There were no laws explicitly against it.
They were of the same species, and had complimentary sex organs, most likely, based on extensive mental modeling Denis had done.
They had both grown up here in the Midwest, only 3.26 miles apart, and could therefore be assumed to share important cultural values. They both drank Snapple Diet Lime Green Tea, though Denis had begun doing so only recently.”
-Larry Doyle, I Love You, Beth Cooper
North Shore Studios in Vancouver, British Colombia, just off the Second Narrows Bridge. We arrive in Soundstage 6.
“Chris, we’re ready. First team’s on the set.”

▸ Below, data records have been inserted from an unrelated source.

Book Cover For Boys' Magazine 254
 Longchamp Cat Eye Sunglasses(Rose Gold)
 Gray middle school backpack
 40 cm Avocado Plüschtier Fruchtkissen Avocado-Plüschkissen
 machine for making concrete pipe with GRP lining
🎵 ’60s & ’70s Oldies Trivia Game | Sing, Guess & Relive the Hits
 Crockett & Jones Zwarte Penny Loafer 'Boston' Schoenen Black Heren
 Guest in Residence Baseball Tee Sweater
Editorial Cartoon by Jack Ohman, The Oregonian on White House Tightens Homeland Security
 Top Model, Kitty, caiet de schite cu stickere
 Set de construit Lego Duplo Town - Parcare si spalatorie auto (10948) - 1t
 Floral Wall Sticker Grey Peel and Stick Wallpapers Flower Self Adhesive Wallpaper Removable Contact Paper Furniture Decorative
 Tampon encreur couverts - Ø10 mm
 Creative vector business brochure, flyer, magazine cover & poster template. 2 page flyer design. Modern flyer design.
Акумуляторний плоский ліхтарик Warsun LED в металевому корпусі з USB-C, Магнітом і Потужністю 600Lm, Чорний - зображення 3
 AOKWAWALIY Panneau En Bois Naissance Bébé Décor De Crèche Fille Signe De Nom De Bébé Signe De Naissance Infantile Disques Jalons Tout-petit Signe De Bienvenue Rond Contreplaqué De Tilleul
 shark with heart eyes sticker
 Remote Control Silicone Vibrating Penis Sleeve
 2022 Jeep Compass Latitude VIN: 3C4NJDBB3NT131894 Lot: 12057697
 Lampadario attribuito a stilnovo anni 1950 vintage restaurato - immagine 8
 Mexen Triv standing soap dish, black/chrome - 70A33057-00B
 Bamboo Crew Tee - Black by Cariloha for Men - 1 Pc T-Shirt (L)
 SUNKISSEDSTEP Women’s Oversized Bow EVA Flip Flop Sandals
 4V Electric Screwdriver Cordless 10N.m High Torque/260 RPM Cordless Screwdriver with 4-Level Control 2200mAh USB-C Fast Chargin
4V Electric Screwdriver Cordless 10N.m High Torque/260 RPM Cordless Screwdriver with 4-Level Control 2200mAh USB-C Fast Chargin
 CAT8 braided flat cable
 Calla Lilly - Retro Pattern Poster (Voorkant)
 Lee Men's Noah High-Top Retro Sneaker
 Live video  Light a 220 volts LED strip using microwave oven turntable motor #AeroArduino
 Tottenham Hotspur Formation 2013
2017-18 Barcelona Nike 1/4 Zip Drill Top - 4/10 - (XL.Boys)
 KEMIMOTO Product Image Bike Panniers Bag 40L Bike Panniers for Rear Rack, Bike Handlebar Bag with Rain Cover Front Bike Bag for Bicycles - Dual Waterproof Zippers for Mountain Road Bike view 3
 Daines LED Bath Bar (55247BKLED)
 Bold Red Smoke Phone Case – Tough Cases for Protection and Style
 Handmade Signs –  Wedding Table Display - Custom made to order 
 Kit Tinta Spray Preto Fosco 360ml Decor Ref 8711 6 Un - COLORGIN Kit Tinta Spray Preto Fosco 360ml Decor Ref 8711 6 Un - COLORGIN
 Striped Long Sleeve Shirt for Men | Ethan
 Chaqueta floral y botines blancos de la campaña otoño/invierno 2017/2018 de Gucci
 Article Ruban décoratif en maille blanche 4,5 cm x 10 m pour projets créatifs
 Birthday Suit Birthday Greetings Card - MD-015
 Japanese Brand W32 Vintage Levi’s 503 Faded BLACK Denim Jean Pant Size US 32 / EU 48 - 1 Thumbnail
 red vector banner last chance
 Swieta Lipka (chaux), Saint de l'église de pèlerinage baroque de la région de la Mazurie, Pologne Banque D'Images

Someone sneezes. “God bless you,” says Chris. “Stand by.”
“22J take 2.”
Denis and his best friend Rich are crawling along the kitchen floor as glass bottles burst around them. Debris flies. It is as if they are at Omaha Beach. When the glass stops flying they stop and stand up. Denis points at his attacker and says:
“This is willful damage of property. That’s a legal term!”
“Duck,” yells the director.
Something is about to come flying at them, but more on that later.
The director is Chris Columbus. We are on the set of his teen comedy I Love You, Beth Cooper. After making a name for himself as a screenwriter and Spielberg protégé with scripts for Gremlins and The Goonies, Columbus turned to directing a series of smash-hit comedies including two “Home Alone” films and Mrs. Doubtfire. In 2001 he kicked off one of the most successful franchises of all time when he made Harry Potter and the Sorcerer’s Stone, also helming the first sequel the next year. While raking in huge grosses, Columbus received criticism in some corners for making “bland,” “dull” and “by the numbers” entries that belied the magical essence of J.K. Rowling’s books. After skipping out on future “Potter” installments, he mounted an ambitious film adaptation of the Broadway phenomenon Rent, only to be thrown for a loop by its box office failure.
“I felt like I was starting to take what I was doing far too seriously,” says Columbus. “You can create a situation where the final product won’t be as joyful or as fun as some of the stuff you had done when you were younger. It was difficult for me to commit to ‘Beth Cooper’ because it felt like the first movie I would have directed. It has moments of things like ‘Adventures in Babysitting’ and some elements of ‘Home Alone,’ so I was reluctant to go back there. Then I thought to myself, ‘That’s the only way I can reboot, recharge my batteries, by going back to something that I would have done when I was 23 or 24.’ It was a challenge because it’s very difficult to do comedy, and I wanted to make sure I still kinda had it, that I could still make an audience laugh.”
Based on the novel by “Simpsons” scribe Larry Doyle, who also penned the screenplay, I Love You, Beth Cooper tells the tale of Denis Cooverman, a brainy high school valedictorian who, while giving his graduation speech, declares his undying love to Beth Cooper in front of all his classmates. Cooper, the head cheerleader and most beautiful girl in school, doesn’t even know he exists… until that moment. Thus begins a domino-effect trainwreck of an evening where Denis will be hunted like a dog by Beth’s Marine boyfriend, humiliated in every way humanly imaginable, beaten to an inch of his life, and possibly spark some genuine romance between him and the title object of affection.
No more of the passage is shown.